Houve uma vez um futuro
A crise de projeto marca o tempo presente. Não há perspectivas de futuro, nem para os ex-operários sem emprego, atolados em dívidas e sem a devida cobertura; nem para seus filhos. Não há perspectiva de retorno para as famílias sírias e outros desterrados (seja pela guerra, pela repressão política, refugiados climáticos ou por condições econômicas). “O Último Pub” mostra a construção de jantares solidários como saída para retomar a sociabilidade, mas também para combater a pauperização real e imediata. Há fome em plena Europa do século XXI.
TJ mostra a Yara a sala onde ficam as fotografias, memórias da luta dos mineiros, sobretudo da grande greve de 1984-85. Onde há desesperança, destruição das condições de vida e discurso de ódio, houve um neoliberalismo atroz, que acabou com a estruturação de vida de milhões.
Vale retomar o conceito desenvolvido por Fisher (2011), usando a mesma Inglaterra pós-neoliberal: há um lento cancelamento do futuro. Nesse caso, a Inglaterra é o mundo.
A questão central, expressa de forma lírica e simples em “O Último Pub”, é como superar a divisão fatal que a classe trabalhadora vive; como superar a falta de solidariedade e a fragmentação. Como reconstruir uma subjetividade coletiva, capaz de inverter a tendência corrosiva que destroi o caráter e relega à destruição das condições emocionais do sujeito?
Há dor, há complexidade, mas há pistas.
Reconstruir a memória do passado, restabelecer os laços do presente, oferecer “frestas de futuro”.
Fora da solidariedade, não há esperança. E a bandeira do neofascismo é organizar a desesperança, convertendo-a em ódio.
O espírito de 1984
Loach chegou aos seus 88 anos, mantendo sua arte ligada ao engajamento. Manteve seu devir em resgatar o melhor das tradições da nossa classe, sem deixar de modernizar e enfatizar o que há de mais contemporâneo. Não abandonou sua vertente revolucionária, trotskista, opositor decidido das burocracias stalinistas e da hipocrisia social-liberal. Em recente artigo alertou:
“A esperança continua de esquerda, mas precisamos nos organizar. Um caminho existe, a classe operária tem a mesma força de sempre, porque faz tudo: produz serviços, transportes, tudo. Mas se não agir para proteger os seus interesses, cai na propaganda de extrema-direita, e isso destroi a esperança.”

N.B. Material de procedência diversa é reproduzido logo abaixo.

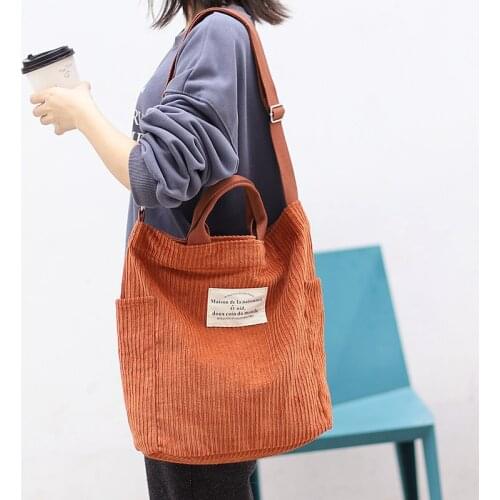 Corduroy Crossbody Shoulder Bags for Women Purses and Handbag Girls Fashion Large Capacity Shopper Casual Female Schoolbag Totes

Desesperado, TJ desiste de tentar suicídio ao ver esperança numa pequena cadelinha, chamada Marra (gíria mineira para aferir algo como “camarada). Marra acaba morta por pit bulls que não são mais que a representação da violência das milícias neofascistas. Uma vez mais posto à prova, ele recorre à solidariedade de classe, ao espírito de luta dos mineiros (recorda seu pai, líder combativo) para seguir combatendo, oferecendo refeições comunitárias, socializando como na exposição de fotos de Yara, tentando contornar a sabotagem feita pelos contrários à presença imigrante.
Um dos melhores momentos do cinema de Ken Loach pode ser encontrado no documentário que leva o nome de “Espírito de 45”, retratando a força política da classe operária e de um programa radical, quando Attle derrotou eleitoralmente o prestigiado Churchill.
É no “espírito de 1984”, da greve e solidariedade mineira, mesmo derrotada, que TJ busca forças para seguir seu devir.
Nas últimas cenas do filme, onde o desfile religioso ganha traços ecumênicos e os ritos, místicas e tradições apontam para uma identidade comum de classe, é que esse espírito aparece como hipótese de emergência para um novo “espírito do tempo”.
O estandarte clássico dos mineiros agora recebe a inscrição de “Força, Resistência, Solidariedade”, também em árabe. É essa força que levou dezenas de milhares às ruas para impor um recuo físico aos neofascistas e xenófobos semanas atrás.
Ken Loach se despede das telas deixando o que há de permanente em nós, em nossa classe: FORÇA, RESISTÊNCIA, SOLIDARIEDADE.